**EXERCISE**. Across all entries below, how many lines include "Western"? Only the number, please.

BEGIN SUPPLIED DATA

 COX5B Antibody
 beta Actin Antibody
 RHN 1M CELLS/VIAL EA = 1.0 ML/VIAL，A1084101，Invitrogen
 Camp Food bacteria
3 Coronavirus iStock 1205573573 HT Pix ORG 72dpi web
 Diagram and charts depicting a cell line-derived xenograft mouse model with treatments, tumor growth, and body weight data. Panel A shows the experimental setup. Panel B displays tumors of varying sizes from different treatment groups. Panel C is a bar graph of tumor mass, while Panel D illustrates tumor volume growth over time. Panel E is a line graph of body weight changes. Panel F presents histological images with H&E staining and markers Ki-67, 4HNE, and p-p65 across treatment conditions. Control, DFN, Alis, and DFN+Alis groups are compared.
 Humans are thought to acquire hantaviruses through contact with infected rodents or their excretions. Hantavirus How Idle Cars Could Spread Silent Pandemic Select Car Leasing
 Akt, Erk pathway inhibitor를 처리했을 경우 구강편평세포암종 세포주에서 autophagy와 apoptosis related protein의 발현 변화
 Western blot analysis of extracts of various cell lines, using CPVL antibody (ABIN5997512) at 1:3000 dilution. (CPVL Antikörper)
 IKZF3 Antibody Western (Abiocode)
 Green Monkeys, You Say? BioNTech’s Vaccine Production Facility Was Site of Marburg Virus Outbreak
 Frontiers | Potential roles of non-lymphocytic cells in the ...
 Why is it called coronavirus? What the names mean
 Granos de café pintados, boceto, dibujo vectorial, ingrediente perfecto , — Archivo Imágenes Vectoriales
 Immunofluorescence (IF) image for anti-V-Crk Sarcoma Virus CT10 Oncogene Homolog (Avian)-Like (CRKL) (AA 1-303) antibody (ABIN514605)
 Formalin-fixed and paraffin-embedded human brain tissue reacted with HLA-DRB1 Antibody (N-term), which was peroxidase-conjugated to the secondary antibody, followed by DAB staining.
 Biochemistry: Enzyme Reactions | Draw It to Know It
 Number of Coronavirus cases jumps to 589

END SUPPLIED DATA

**SOLUTION**. 2